Staff -- Broadcasting & Cable, 7/30/2001

Last laugh

Leno is to Carson as Rhea is to O'Donnell. Or at least that's what Warner Bros. hopes. Caroline Rhea will become a recurring guest host beginning this fall on Rosie O'Donnell Show. As reported in BROADCASTING & CABLE TV Fax last Friday, Rhea will have her own program in the fall of 2002 that will fill the void left when O'Donnell departs at the end of her contract in May. Rhea was officially given the greenlight on her own project last week, ending Warner execs' long hunt for a successor to O'Donnell. Rhea's syndicated talk show (from Paramount's Big Ticket Television) never made it to air this year, but insiders say the new show will first be shopped to stations that currently run Rosie. Warner Bros. apparently wants to stop other 2002 series—like Columbia TriStar's Pyramid— from slipping into Rosie's time slots.—S.A.

Trade factor

NBC programmers may have pulled off one of the best trades in the history of network television with reality producer Endemol Entertainment.

Last year, in the midst of developing relationship/reality series Chains of Love, NBC executives went to Endemol claiming, among other things, that the show didn't fit their brand. So NBC asked Endemol if it could exchange Chains of Love for other commitments.
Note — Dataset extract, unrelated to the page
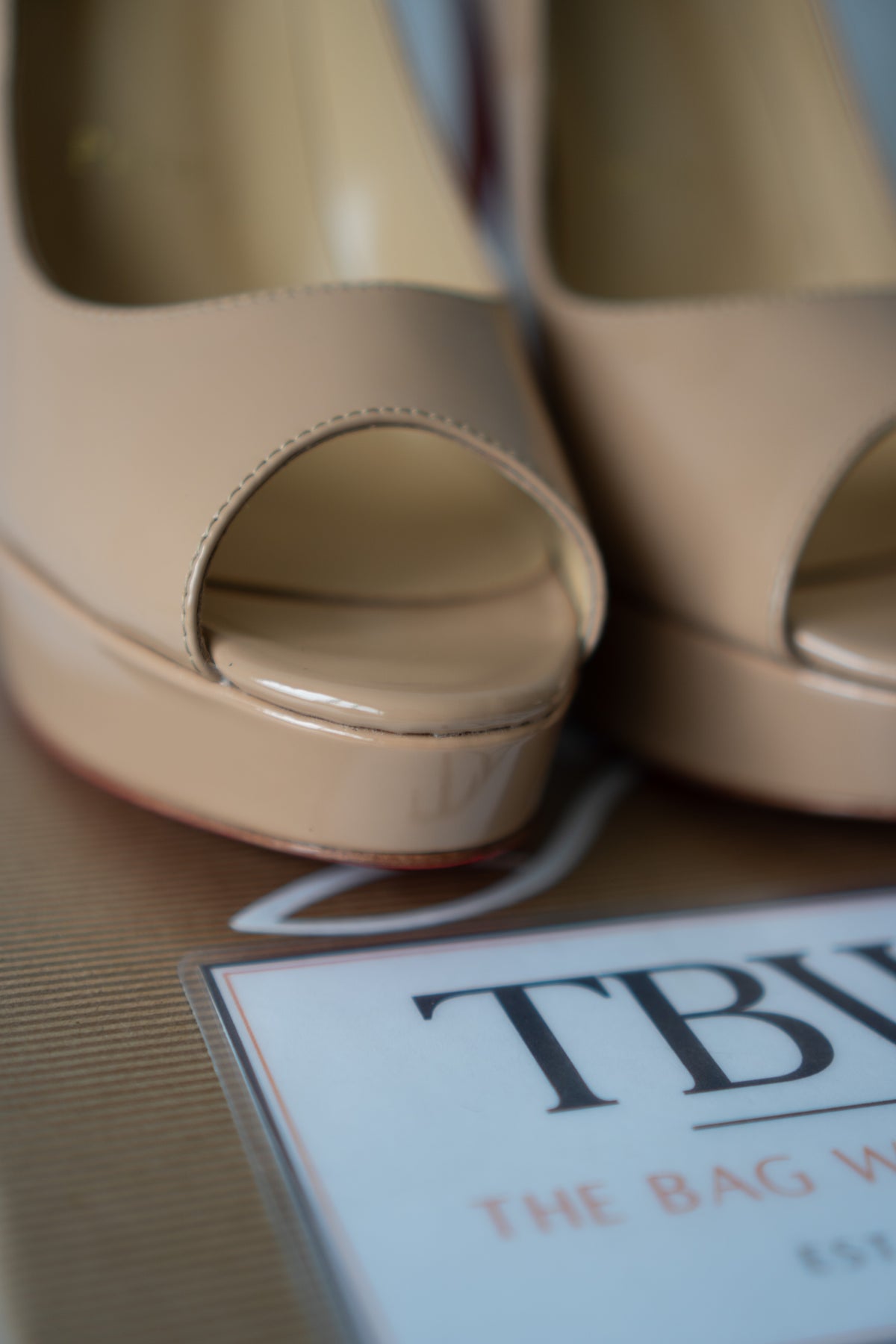 Peep-Toe Platform Pumps – Nude Patent Leather with Signature Red Soles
Endemol brought Spy TV and Fear Factor (below) to the network. "It was a difficult thing because we had won Chains in a pretty hotly contested bidding contest," says NBC West Coast President Scott Sassa. "Endemol was great, and we decided to split one of the commitments into two pieces [for Fear Factor and Spy TV]."

NBC ended up with the summer's reality hits while UPN's version of Chains of Love didn't exactly arrest viewers.—J.S.

The mouse that roared

Remember those threats Disney chief Michael Eisner made several years back to put ABC on cable? (He was reacting to affiliate resistance to compensation reductions and demands from Disney for financial help on the NFL and repurposing rights.) Now one top studio executive believes that is exactly what last week's deal by Disney to buy Fox Family is all about. "The ABC network that you know is going to end up in a couple years being on what is now Fox Family," says the executive. "The broadcast business is basically a mature, flat business. It's all based on ad revenues and everybody is out there clawing and scraping, and Michael Eisner and Bob Iger would love to get two revenue streams like the cable model allows. Right now, they are dealing with compensation issues, clearance issues and all of that other bullshit that goes with affiliates, which will lose in the long run." No comment from ABC at deadline.—J.S.

Satellite of liability

Even after 18 months of negotiating to buy Hughes Electronics, News Corp. executives are still finding surprises. No, not the sliding operating performance of coveted DBS unit DirecTV. News Corp. President Peter Chernin has been startled by an old, potential environmental liability dating back to Hughes' manufacturing operations in the 1960s: asbestos in satellites. Part of the delay has come over how to handle the liability, and News Corp. executives are trying to stick liability back onto Hughes parent company General Motors, a tricky maneuver when you're buying an entire company, not just its assets. Chernin had been telling associates that he expected a deal to get nailed down by the end of last week. Now he's not putting a time frame on it.—J.H.